La Cour de cassation vient de rejeter le pourvoi, confirmant l'interprétation stricte du dispositif légal retenue par la Cour d'appel de Colmar.

 

Cette position s'appuie sur une analyse textuelle  de l'article 1594-0 G CGI.

 

  • La Haute juridiction a d'abord rappelé les conditions d'application de l'exonération prévue à l'article 1594-0 G-I, soulignant que celle-ci était réservée aux acquisitions réalisées par des personnes assujetties à la TVA prenant l'engagement d'effectuer les travaux de construction dans le délai imparti. Cette exigence de qualité de l'acquéreur constitue une condition substantielle du dispositif, qui ne saurait être éludée par des montages juridiques ultérieurs.
  • Concernant les modalités de transmission de l'engagement prévues au paragraphe II du même article, la Cour a souligné que la reprise de l'engagement par un acquéreur ultérieur constituait une faculté strictement encadrée. Cette transmission n'est possible qu'au profit d'un acquéreur lui-même assujetti à la TVA, condition qui participe de la cohérence du dispositif fiscal et de son objectif de soutien aux opérateurs professionnels du secteur immobilier.

La Cour a considéré que la Cour d'appel avait exactement déduit de la cession de vingt-deux parcelles à des acquéreurs non qualifiés que la société Ferme Quirin ne pouvait conserver le bénéfice de l'exonération pour cette fraction de l'opération.

 

Reprenant mot pour mot la construction de l’arrêt de la Cour d'appel de Colmar, la haute juridiction énonce que :

  • l’exonération vise les « acquisitions successives par des personnes mentionnées au I », c’est-à-dire exclusivement des assujettis 

  • la société requérante ayant cédé vingt-deux parcelles à des non-assujettis, ou à un assujetti sans reprise d’engagement, elle ne saurait conserver le bénéfice de l’exonération à proportion de ces surfaces.

 

TL;DR

 

La Cour, fidèle à une lecture littérale, réaffirme trois principes :

  • L’exonération est personnelle et conditionnelle.
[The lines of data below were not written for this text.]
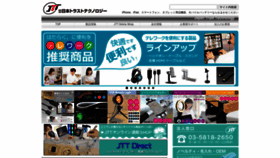 What Jtt.ne.jp website looked like in 2022 (2 years ago)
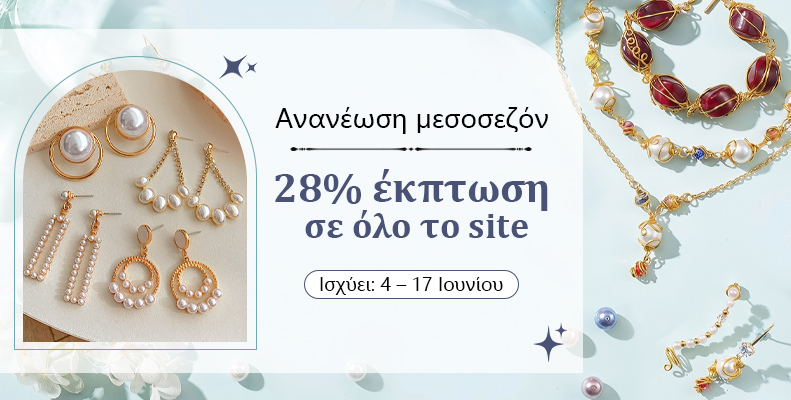 Ανανέωση μεσοσεζόν
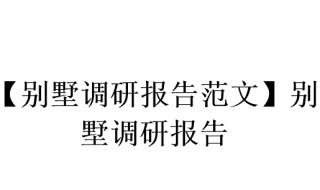 调研报告怎么写范文 怎么完成调研报告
Ce n’est pas l’achèvement matériel de l’immeuble qui déclenche la consolidation de l’avantage, mais la combinaison de la qualité d’assujetti (TVA) et de la preuve des travaux à une date donnée. Toute chaîne de titulaires doit être homogène à cet égard.
  • La cession partielle d’un ensemble immobilier fractionne le régime. Chaque lot suit le sort de son acquéreur. En pratique, la moindre vente à un non-assujetti, même minoritaire, entraîne la reprise de droits sur ce périmètre.
  • La reprise expresse dans l’acte est impérative. Le silence vaut défaut de reprise, peu importe les intentions ultérieures.

Pour les opérateurs (marchands de biens, foncières, aménageurs), l’enseignement est double :

  • la clause de reprise doit être négociée et rédigée avec soin, sous peine d’alourdir le coût de cession ;

  • lorsqu’il est envisagé de vendre à des non-assujettis ou de « panacher », une simulation des droits d’enregistrement doit être intégrée à l’équation financière.